We went to counseling. The therapist asked me to describe how I felt about my wife. I sat there for five minutes trying to come up with something better than “good” or “fine.”

That’s when I realized I’d spent so much time talking about work that I’d forgotten how to talk about anything else. I could explain three-phase power to anyone, but I couldn’t explain what my wife meant to me.

The distance between feeling and saying

Here’s what they don’t tell you about long marriages: the feelings change shape.

That early love, it’s like a fire. Hot, consuming, impossible to ignore. After forty-six years, it’s more like the warmth from your furnace. Always there, keeping you comfortable, but you don’t really notice it unless it stops working.

The birthday cards were all written for the fire version. “You set my heart ablaze.” “You make me feel alive.” “Every day with you is an adventure.”

My love for my wife doesn’t blaze anymore. It’s steady. Reliable. Deep. But try finding a card that says, “You’re the background hum of my life, so constant I only notice you when you’re gone.”

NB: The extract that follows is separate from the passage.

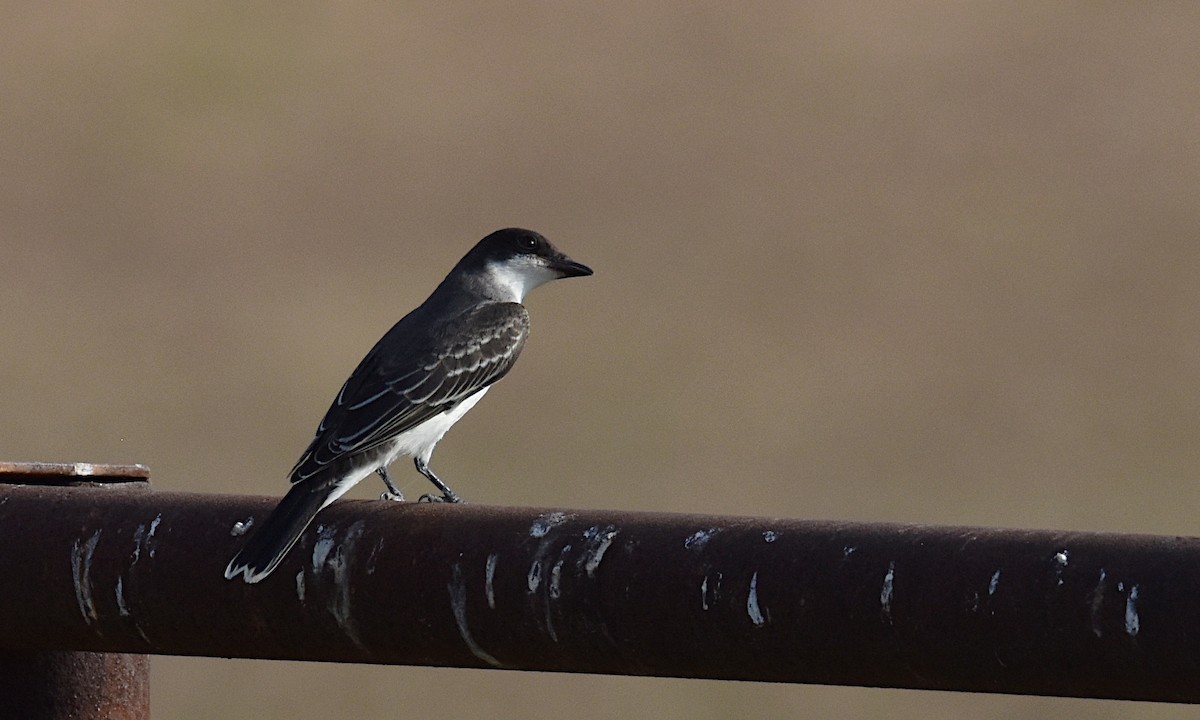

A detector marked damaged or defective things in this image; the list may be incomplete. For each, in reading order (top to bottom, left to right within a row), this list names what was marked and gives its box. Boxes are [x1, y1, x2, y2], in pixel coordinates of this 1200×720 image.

Standing in that aisle, I realized I was looking for a card that matched what I actually felt, not what I was supposed to feel. And what I felt was complicated. Layered. Built up over decades of regular life.

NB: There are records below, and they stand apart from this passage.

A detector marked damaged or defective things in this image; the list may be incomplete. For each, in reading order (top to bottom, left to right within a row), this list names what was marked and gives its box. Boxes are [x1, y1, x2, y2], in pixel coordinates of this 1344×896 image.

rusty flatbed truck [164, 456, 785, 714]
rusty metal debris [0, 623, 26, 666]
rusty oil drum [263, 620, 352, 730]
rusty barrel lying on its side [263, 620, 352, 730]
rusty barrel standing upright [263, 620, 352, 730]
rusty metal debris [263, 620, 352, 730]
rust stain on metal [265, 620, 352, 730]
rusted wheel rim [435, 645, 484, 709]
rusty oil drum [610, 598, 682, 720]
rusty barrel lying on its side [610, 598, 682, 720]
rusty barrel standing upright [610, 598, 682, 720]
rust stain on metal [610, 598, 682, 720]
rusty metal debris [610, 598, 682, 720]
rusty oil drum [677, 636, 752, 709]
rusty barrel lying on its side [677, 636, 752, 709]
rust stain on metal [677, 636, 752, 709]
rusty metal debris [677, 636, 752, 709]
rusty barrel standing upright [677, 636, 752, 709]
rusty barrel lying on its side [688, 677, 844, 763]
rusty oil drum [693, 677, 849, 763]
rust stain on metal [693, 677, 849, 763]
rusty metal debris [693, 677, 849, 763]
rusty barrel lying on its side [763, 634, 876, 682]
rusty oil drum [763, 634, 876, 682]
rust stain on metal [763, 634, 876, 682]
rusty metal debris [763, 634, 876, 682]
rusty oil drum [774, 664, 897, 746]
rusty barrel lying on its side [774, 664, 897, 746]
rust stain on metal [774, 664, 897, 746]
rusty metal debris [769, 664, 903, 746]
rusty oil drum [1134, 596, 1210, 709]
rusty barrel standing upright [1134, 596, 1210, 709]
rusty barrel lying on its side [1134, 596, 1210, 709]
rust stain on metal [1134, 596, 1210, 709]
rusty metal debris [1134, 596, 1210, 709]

I love my wife, but it’s not the simple, obvious love of those cards. It’s the love of someone who’s seen you at your absolute worst and stayed anyway. It’s the love of knowing exactly how someone takes their coffee and remembering to make it that way even when you’re barely awake.

Learning to speak again

I finally picked a card. Not because it was perfect, but because I’d been standing there so long that my back was starting to hurt.

When I gave it to my wife, she read it and smiled. Then she looked at me and said, “This is nice, but what I really want to know is what you’re thinking.”

So I told her about standing in the card aisle. About how the words all felt like they belonged to a younger version of me. About how I loved her but didn’t know how to say it anymore without it sounding hollow.

She laughed. Not mean, but understanding. “You think I need the fancy words?” she said. “After forty-six years?”

That’s when I realized I’d been trying to force myself back into an old way of talking instead of finding a new one. The cards were asking me to perform a version of love I’d outgrown.

What my wife wanted wasn’t poetry. She wanted truth. Even if that truth was messy and uncertain and took twenty-five minutes in a card aisle to figure out.

Bottom line

I’m sixty-six years old, and I’m still learning how to talk about love. The easy words of youth are gone, replaced by something more complicated but maybe more real.

Those birthday cards assume love is simple. That you can sum it up in a few rhyming lines. But after forty-six years, love isn’t simple. It’s showing up. It’s staying. It’s standing in a card aisle, struggling to find words that match what you actually feel instead of what you think you should feel.

The version of me who could say those flowery things without thinking is gone. In his place is someone who has to work at it. Who has to check if the words are true. Who takes twenty-five minutes to buy a card because he wants to get it right.

Maybe that’s not romantic. But it’s honest. And after all this time, I think honest is what matters.